Designing Empathetic Virtual Clinical Trials, by Leemor Yuravlivker
Design thinking can be applied to any problem to create a solution iteratively, impactfully, and innovatively. And the key to success of clinical trials in the future will be designing them to meet patients where they are.
Pain points of clinical trials
Leemore is at MSK and has worked extensively with clinical trials. For someone who is going through a clinical trial, there are four steps: awareness, onboarding, participation, and monitoring. But there are pain points.
Pain points:
- Screening is rigorous and time consuming
- Consent forms have medical jargon, they’re overwhelming
- Filling out a log is stressful and a pain. It’s not convenient.
- Traveling to the hospital is very inconvenient.
A single clinical trials site might need to use dozens of systems. It’s very confusing. Covid then threw a wrench into things even more so.

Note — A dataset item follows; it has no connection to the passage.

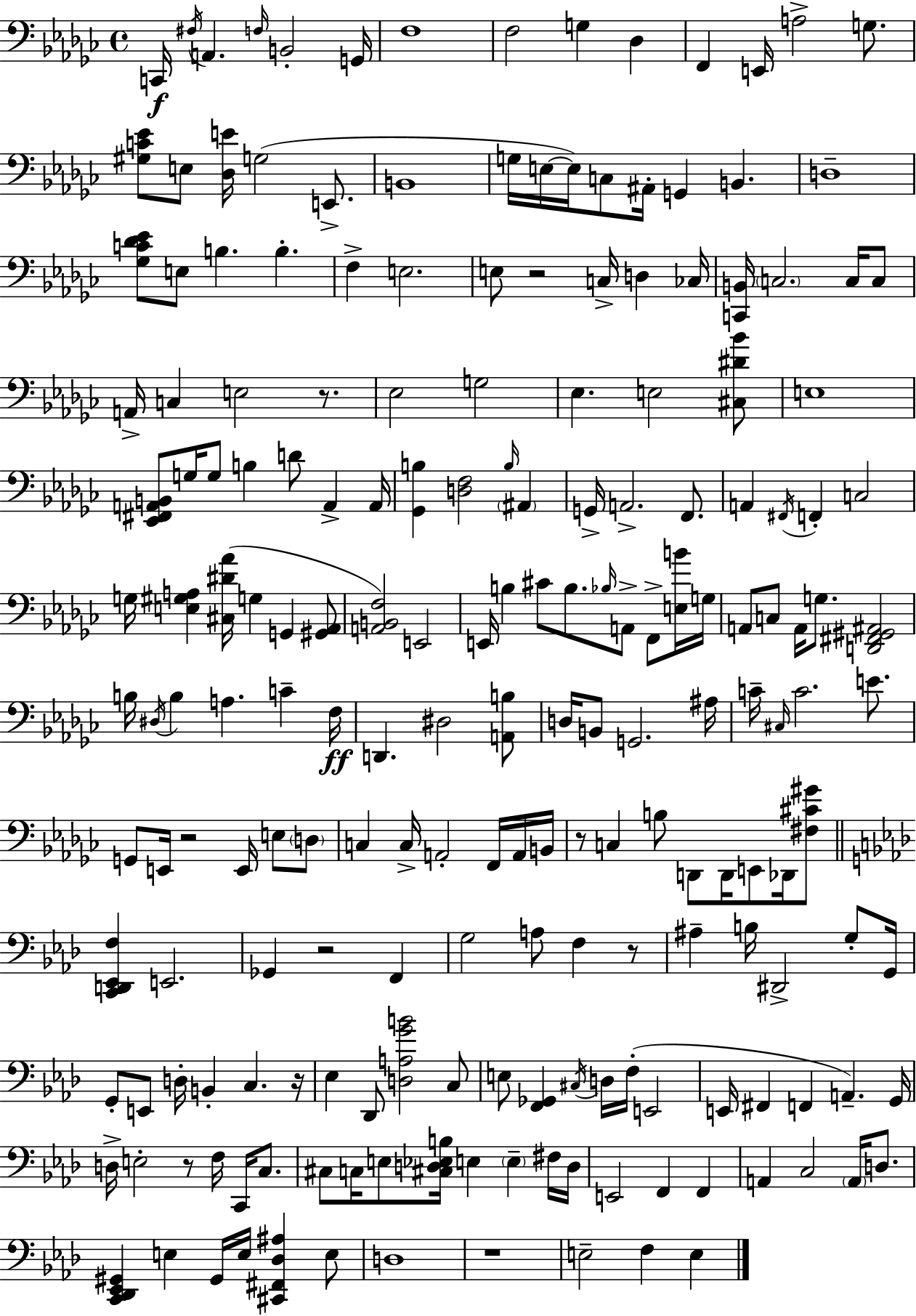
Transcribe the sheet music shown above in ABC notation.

Case study: How to adapt and improve the clinical trial experience
This case study happened during Covid, which was a great opportunity to rethink the clinical trial experience. The catch: how to improve the experience without compromising the trial’s integrity?

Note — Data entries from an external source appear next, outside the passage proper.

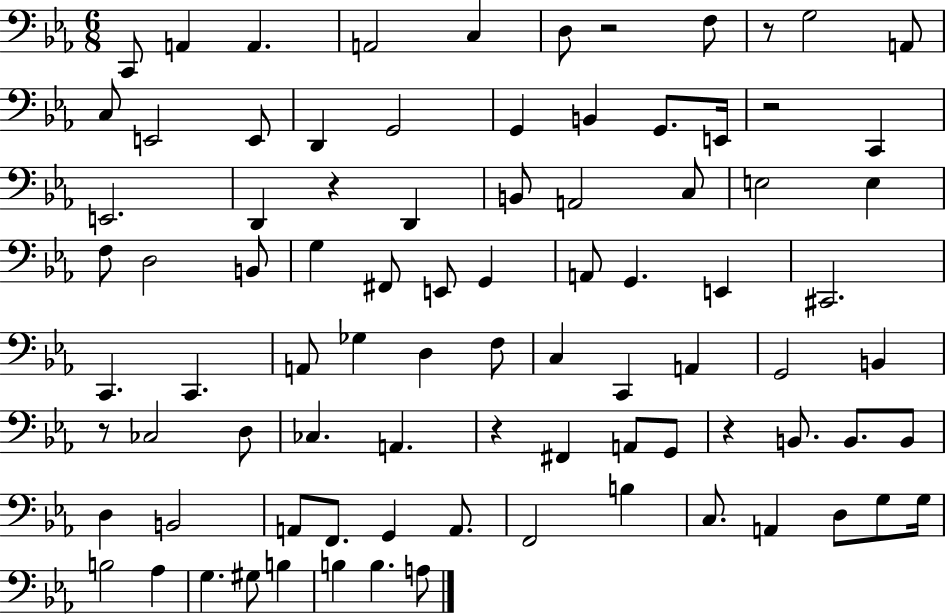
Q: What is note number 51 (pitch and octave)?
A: D3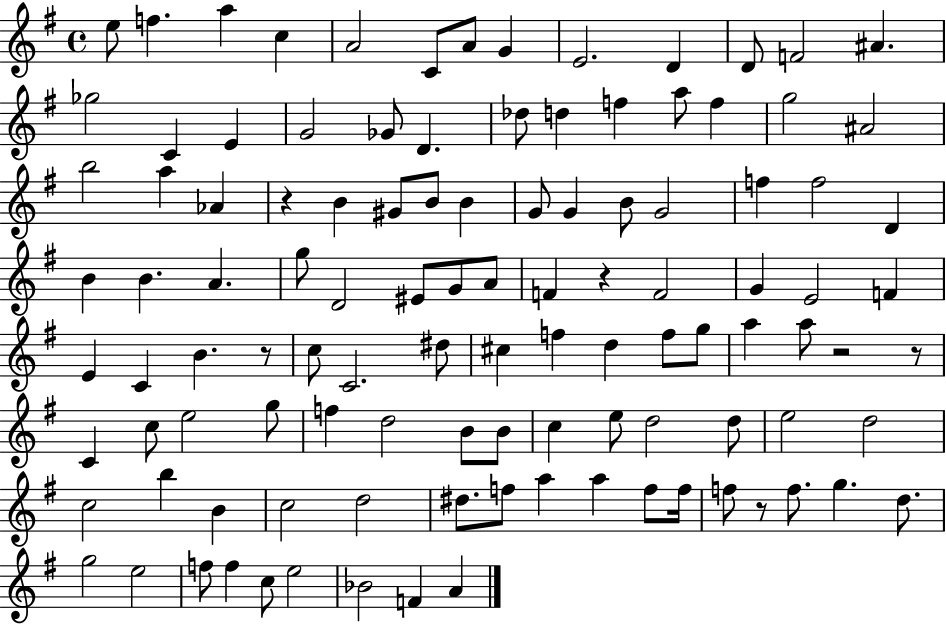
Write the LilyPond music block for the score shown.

{
  \clef treble
  \time 4/4
  \defaultTimeSignature
  \key g \major
  e''8 f''4. a''4 c''4 | a'2 c'8 a'8 g'4 | e'2. d'4 | d'8 f'2 ais'4. | \break ges''2 c'4 e'4 | g'2 ges'8 d'4. | des''8 d''4 f''4 a''8 f''4 | g''2 ais'2 | \break b''2 a''4 aes'4 | r4 b'4 gis'8 b'8 b'4 | g'8 g'4 b'8 g'2 | f''4 f''2 d'4 | \break b'4 b'4. a'4. | g''8 d'2 eis'8 g'8 a'8 | f'4 r4 f'2 | g'4 e'2 f'4 | \break e'4 c'4 b'4. r8 | c''8 c'2. dis''8 | cis''4 f''4 d''4 f''8 g''8 | a''4 a''8 r2 r8 | \break c'4 c''8 e''2 g''8 | f''4 d''2 b'8 b'8 | c''4 e''8 d''2 d''8 | e''2 d''2 | \break c''2 b''4 b'4 | c''2 d''2 | dis''8. f''8 a''4 a''4 f''8 f''16 | f''8 r8 f''8. g''4. d''8. | \break g''2 e''2 | f''8 f''4 c''8 e''2 | bes'2 f'4 a'4 | \bar "|."
}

They used design thinking, making sure to solve the right problems for the right people. Their framework of choice was: Discover, define, design, and deliver. (the Double Diamond approach)

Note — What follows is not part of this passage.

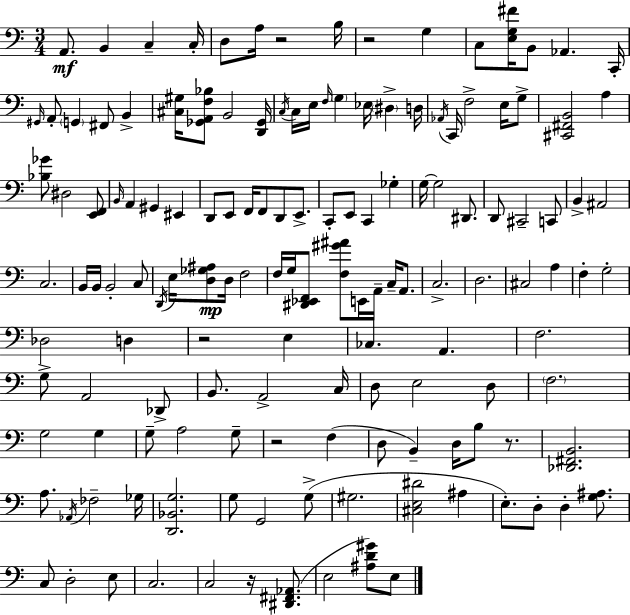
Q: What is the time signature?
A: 3/4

Discover: how do patients experience clinical trials today? Lots of research, hearing pain points from hundreds of patients.
Define: what problem should we focus on solving? The team looked specifically for ways to decrease the face to face moments. They decided to focus on the pill diary experience. It’s often done on paper and handed in to the care team at the hospital.
Design: what does the new experience look like?
Deliver: produce it.
Trends in empathetic clinical trials
Big picture goal: meeting patients where they are.
Current trends:
- Involve patients early in trial design
- Closing the equity gap
What would this mean for a patient in future empathetic clinical trials?
- Do screenings from home
- Interactive consent form, written in plain language
- Medication shipped to patient’s home
- Digitized data collection and remote monitoring
- Expanded reality appointments (not always in person)
All of this means a patient can spend more time doing what they love. And then they spend less time with us, in a clinical trial.